How to Manage Repetition in Practice

manage repetition

When practicing the piano, or any instrument for that matter, repetition is a common method used to further learn a piece of music. However, there are some ways in which this can hinder progress on a piece. Whenever you are using repetition to practice, you want to be sure you are using it in the most beneficial and productive way possible. Graham Fitch of practisingthepiano.com shares his thoughts on the subject:

Before we repeat something, we need to pause a while and think what it is we aim to achieve in the repetition. Hear it vividly in our imagination, and mentally rehearse the passage before we put our hands back on the keyboard (this part of the process is extremely difficult to commit to, and takes a lot of concentration).
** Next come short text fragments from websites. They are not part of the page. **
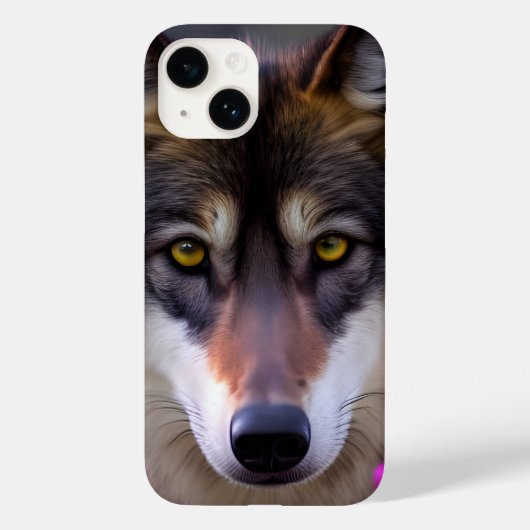Coques Case-Mate iPhone Jeune loup (Verso)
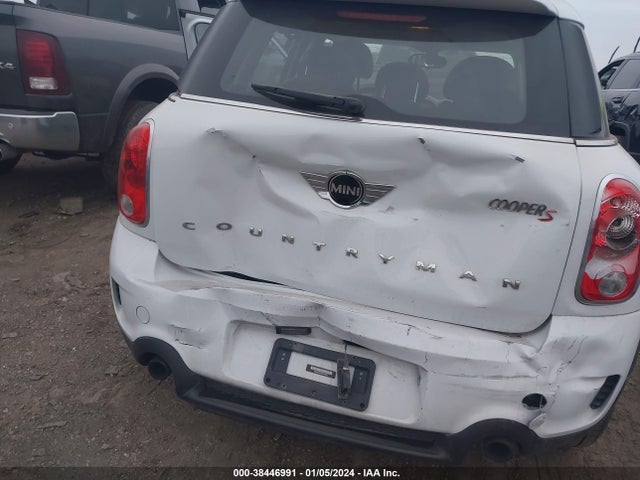 2014 MINI COUNTRYMAN WMWZC3C52EWP51903 Photo 5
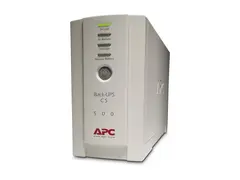 APC Back-UPS CS 500 - UPS - AC 230 V - 300 watt 500 VA - RS-232, USB - utgangskontakter: 4 - beige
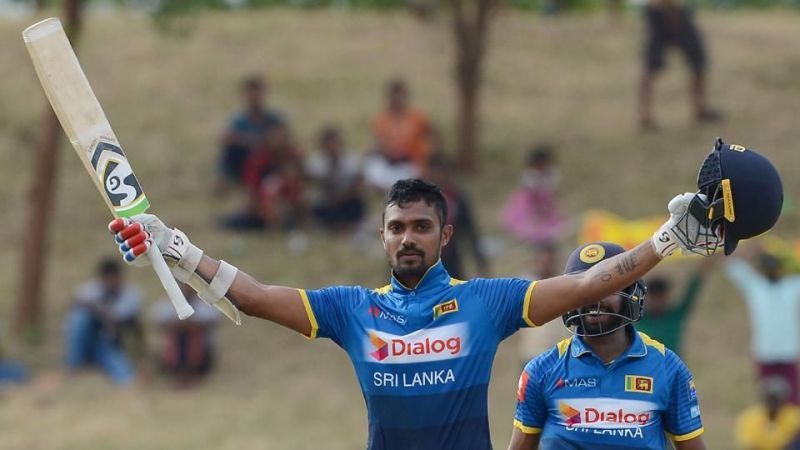 Gunathilaka looks in fine form scoring 74 in the practice game against India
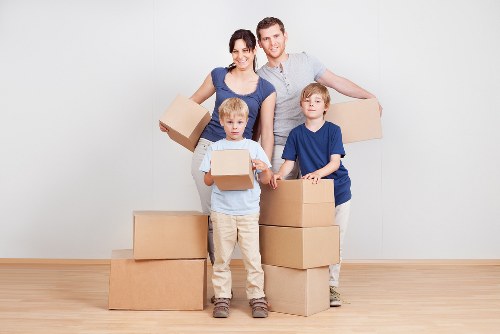 Customer raising a storage service concern at Kennington Storage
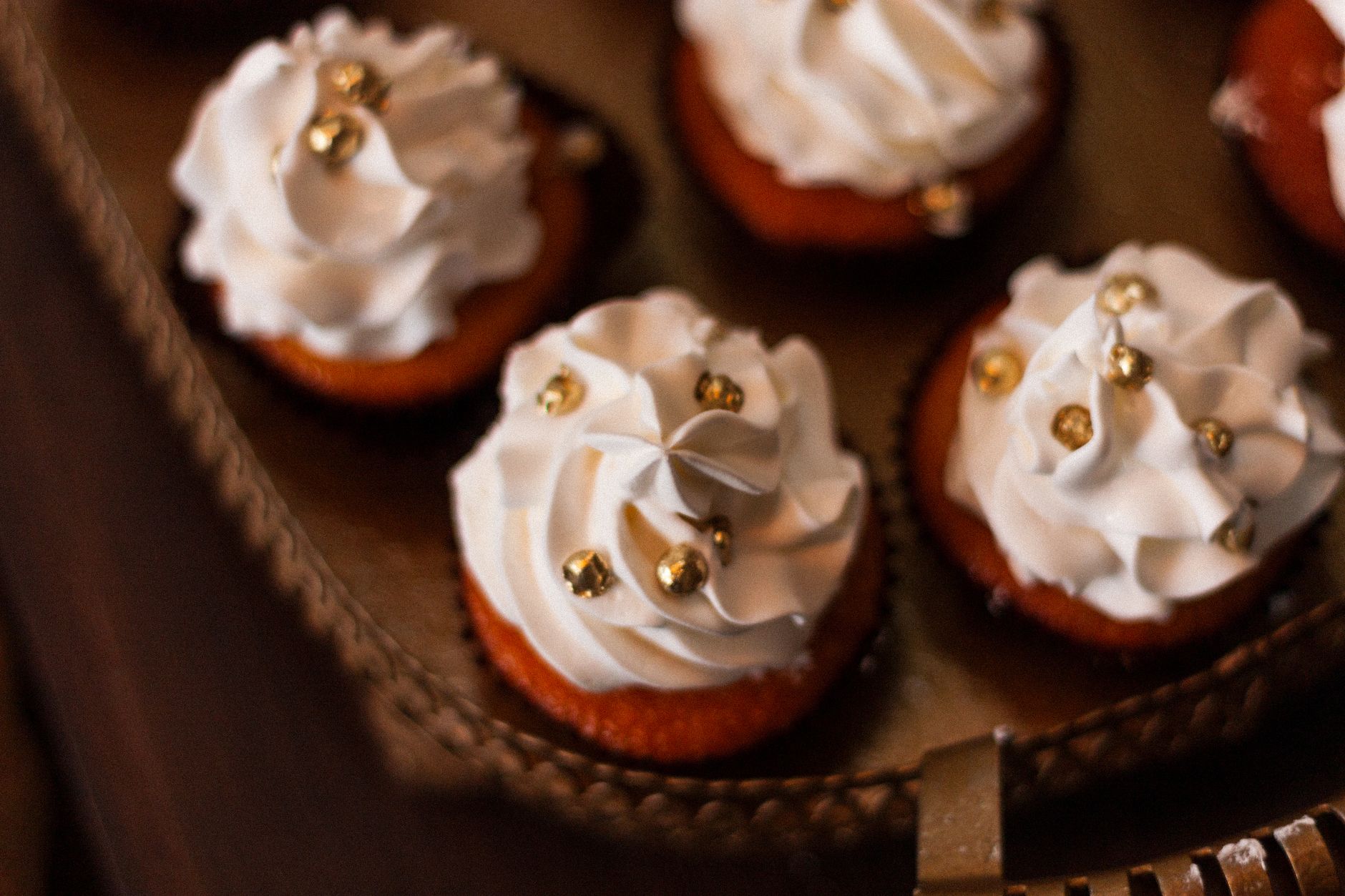 Chai Cupcakes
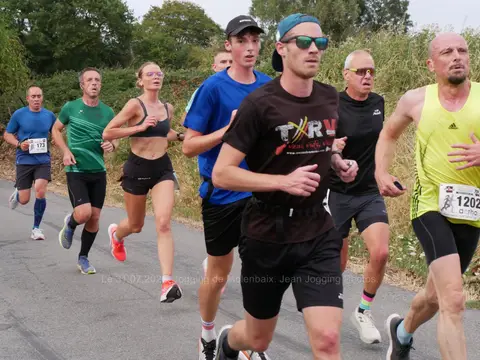 Robin Cuvelier à Le jogging de Molenbaix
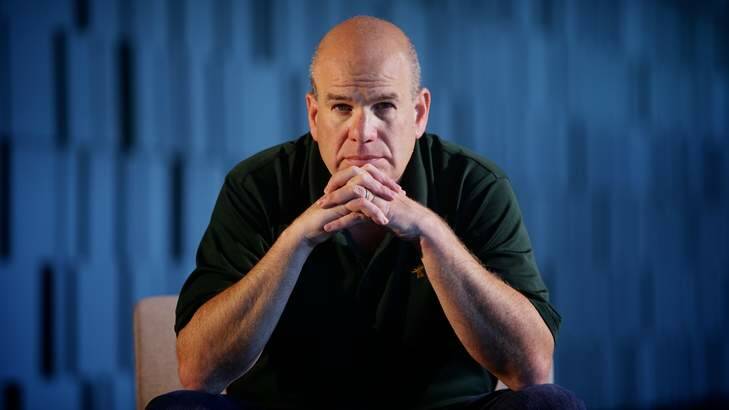 <i>The Wire</i>'s David Simon wants to finally bring Martin Luther King jnr's story to the screen. Photo: Jason South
I really like the point Graham makes here. When I was in college, I would use repetition as a practice method rather consistently. That doesn’t necessarily mean I was making the correct progress, though. I would run through a line over and over without pausing in between to think about what I may have done incorrectly.

Repetition helps to build your muscle memory. Since I was practicing the same thing over and over, my muscles were slowly learning that pattern. If I had learned the pattern incorrectly initially, and then continued to repeat it over and over incorrectly, it would have been very difficult for me to go back and fix it later. My professors always told me, “practice makes permanent,” and this couldn’t be a truer statement. When practicing repetition, as Graham mentions, you want to be sure to take time to reflect on what you are playing and mentally rehearse it in your head. This will help you to learn the pattern correctly the first time and every time after that.

The trick with repetitions is to focus the mind on something very specific, varying the focus with each repetition. If you are refining a tricky spot in a piece you have already learned, your brain should be consuming a lot of energy as you concentrate on what is necessary to edge the passage closer to where it needs to be, rather than simply hacking away at it hoping it will eventually yield (this requires far less concentration).

Yes, yes and yes. We all know how daunting and boring it can be to do the same thing over and over again. Your mind starts to wander and your productivity level decreases. But, there are ways to overcome this in practice. Switch up the rhythm a little bit, mess with the dynamics, or try the passage in a different tempo. Doing so will help keep the passage interesting while still allowing your muscles to gain memory of the pattern.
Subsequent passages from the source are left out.